21 Nisan 1955 tarihinde İstanbul'da dünyaya geldi. Mardinli bir ailenin çocuğudur. Babası avukat İsmail Mungan, annesi Habibe Mungan'dır. İlk, orta ve lise yılları Mardin'de geçti. Mardin Lisesi'nden mezun oldu. Mardin, eserlerinde sıkça kullandığı mekanlardan birisi oldu. Bu çevrenin taşıdığı zengin kültürel yapıyı, insan olgusunu eserlerine başarılı bir şekilde yansıttı.

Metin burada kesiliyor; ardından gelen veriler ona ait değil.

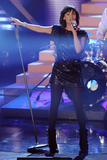 th_35068_Preppie_-_Natalie_Imbruglia_performs_on_the_X-Factor_in_Milan_-_November_4_2009_545_122_540lo.JPG
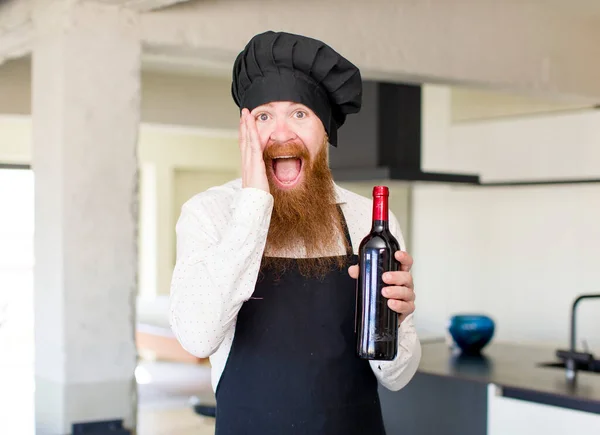 Red Hair Man Feeling Happy Astonished Something Unbelievable Wine Bottle — Stock Photo, Image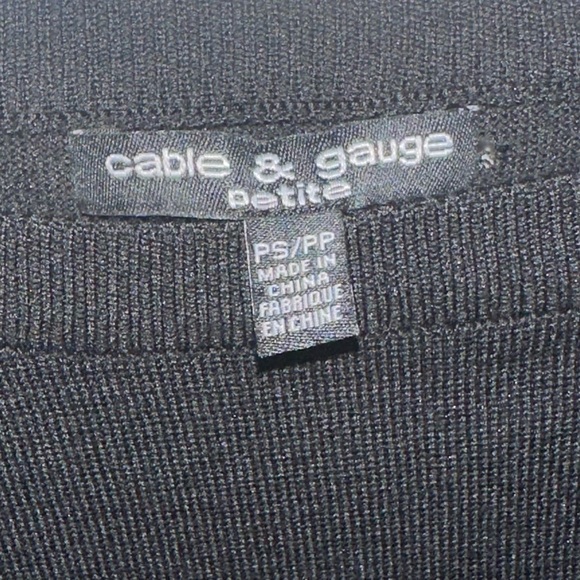 3 for $30 Cable & Gauge black lightweight sweater gold buttons sz small petite - Picture 4 of 4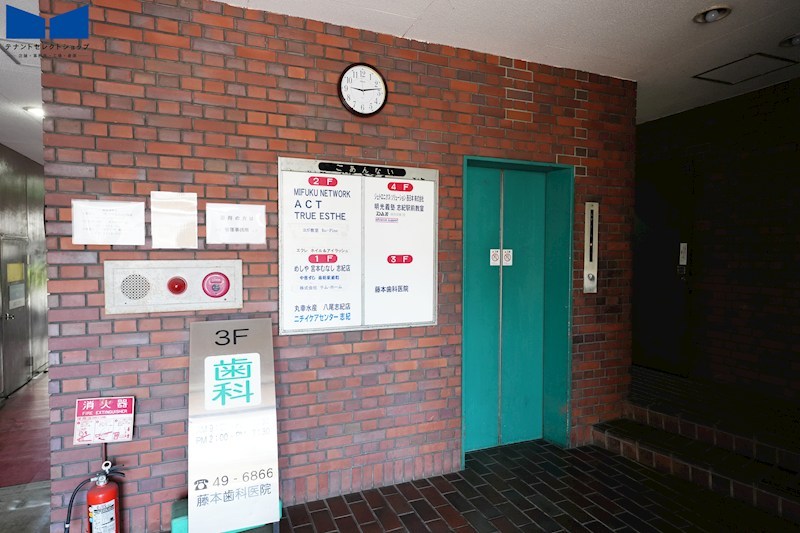 貸店舗・事務所　八尾市 志紀町３丁目　広さ約１１坪　角区画　EVあり　松井志紀駅ビル その他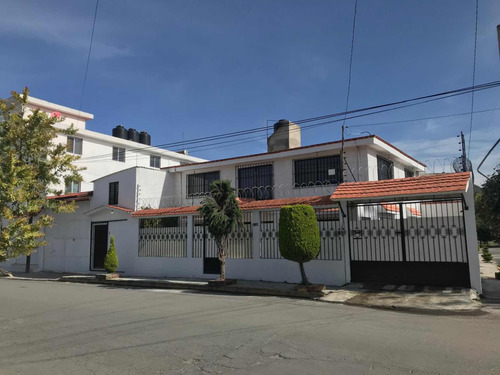 Casa En Venta A Un Costado Del Parque Sierra Morelos, Toluca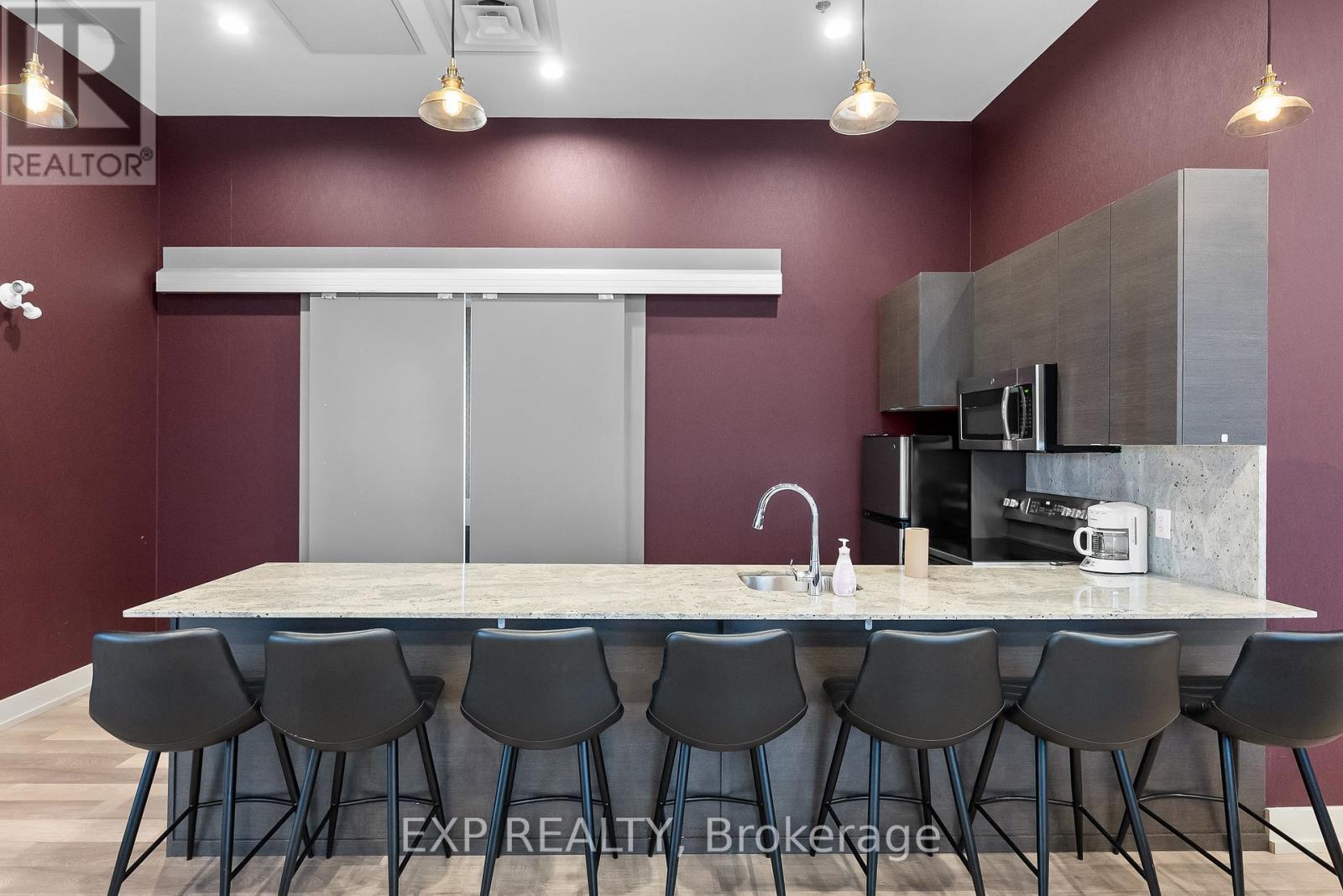 219 - 550 North Service Road, Grimsby, Ontario  L3M 0H9 - Photo 41 - X12584034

1972'de Ankara'ya yerleşti. Lisans ve yüksek lisansını Ankara Üniversitesi Dil ve Tarih-Coğrafya Fakültesi Tiyatro Bölümü’nde tamamladıktan sonra başladığı doktora çalışmasını yarım bıraktı. Ankara Devlet Tiyatroları’nda altı yıl, İstanbul Şehir Tiyatroları’nda üç yıl dramaturg olarak çalıştı.

Gazete ve dergilerdeki ilk yazılarını 1975’te yayımlayan Mungan; yazı hayatı boyunca şiir, öykü, roman, deneme, tiyatro oyunu, sinema yazısı, senaryo, masal ve şarkı sözü gibi farklı türlere ait eserler verdi.

İlk kitabı, Mezopotamya Üçlemesi adlı oyun üçlemesinin ilki olan “Mahmut ile Yezida” idi (1980). Bu oyun, Türkiye İş Bankası'nın açtığı yarışmada ikincilik ödülü aldı. Sahnelenen ilk oyunu Orhan Veli'nin şiirlerinden kurgulayarak oyunlaştırdığı “Bir Garip Orhan Veli” oldu. 1981'de ilk defa sahnelenen bu oyun, 1993'te kitap olarak da basıldı.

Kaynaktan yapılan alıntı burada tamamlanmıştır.